■ **Task**:
The material below is to be copied exactly from the line with "3 Light Pendant" up to and including the line with "Neon Ocean Wave", with nothing else kept and no pictures.

■ **Data under study**:
.....

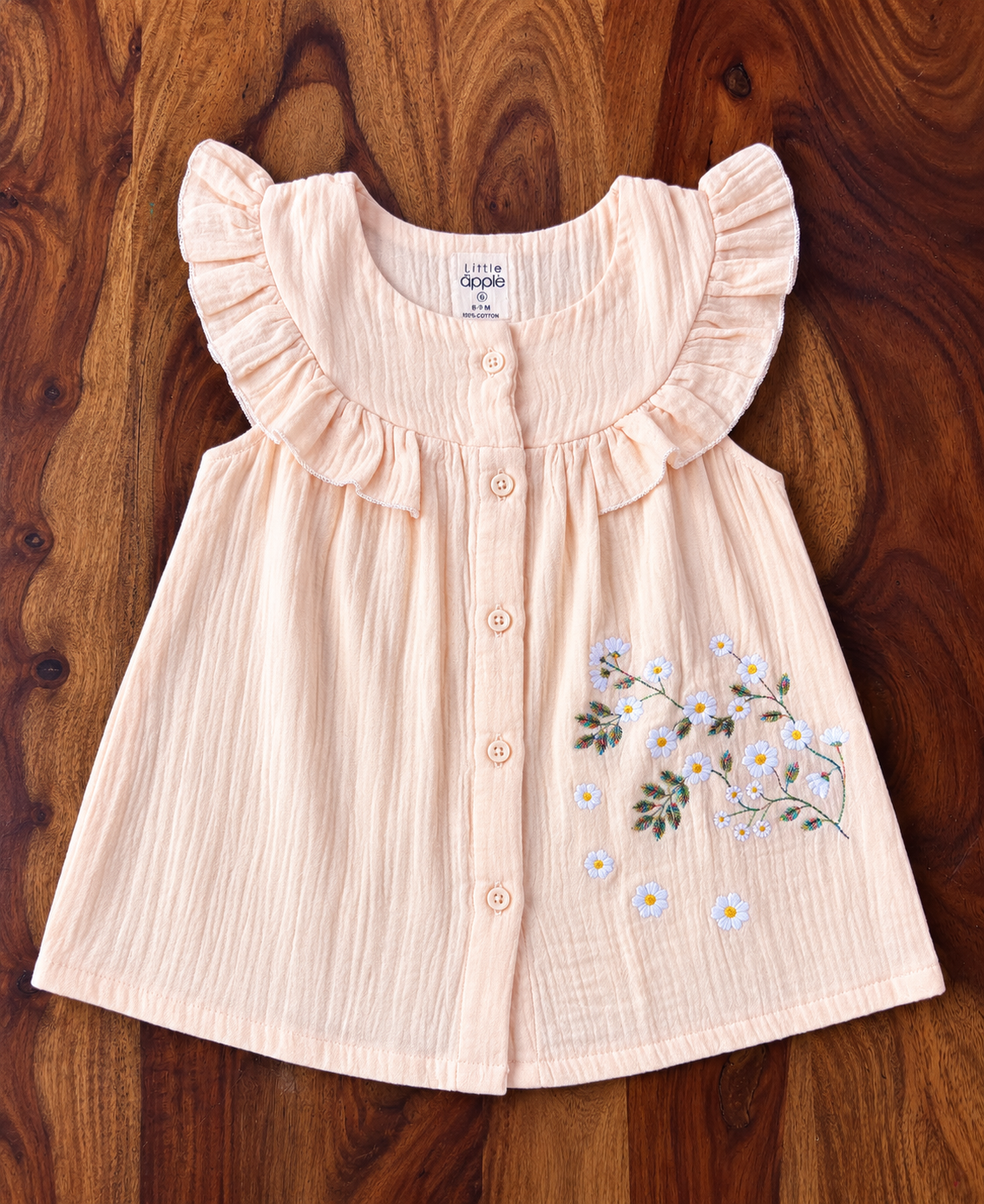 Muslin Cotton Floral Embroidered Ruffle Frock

.....

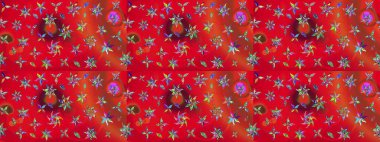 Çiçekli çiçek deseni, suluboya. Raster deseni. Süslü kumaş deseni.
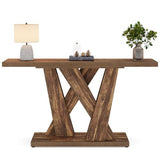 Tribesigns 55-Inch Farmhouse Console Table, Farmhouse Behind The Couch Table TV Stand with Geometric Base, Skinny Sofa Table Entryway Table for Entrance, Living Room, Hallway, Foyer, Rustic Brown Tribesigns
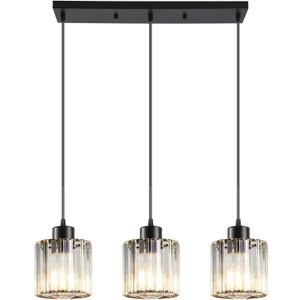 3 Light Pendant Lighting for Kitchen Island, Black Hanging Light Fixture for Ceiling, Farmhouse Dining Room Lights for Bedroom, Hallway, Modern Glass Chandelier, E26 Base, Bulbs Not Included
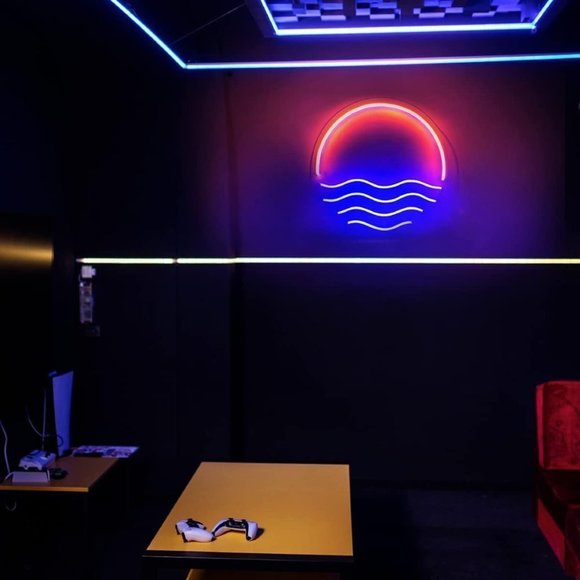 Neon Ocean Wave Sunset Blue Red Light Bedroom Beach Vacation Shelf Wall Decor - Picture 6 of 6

.....

■ **Task output**:
 3 Light Pendant Lighting for Kitchen Island, Black Hanging Light Fixture for Ceiling, Farmhouse Dining Room Lights for Bedroom, Hallway, Modern Glass Chandelier, E26 Base, Bulbs Not Included
 Neon Ocean Wave Sunset Blue Red Light Bedroom Beach Vacation Shelf Wall Decor - Picture 6 of 6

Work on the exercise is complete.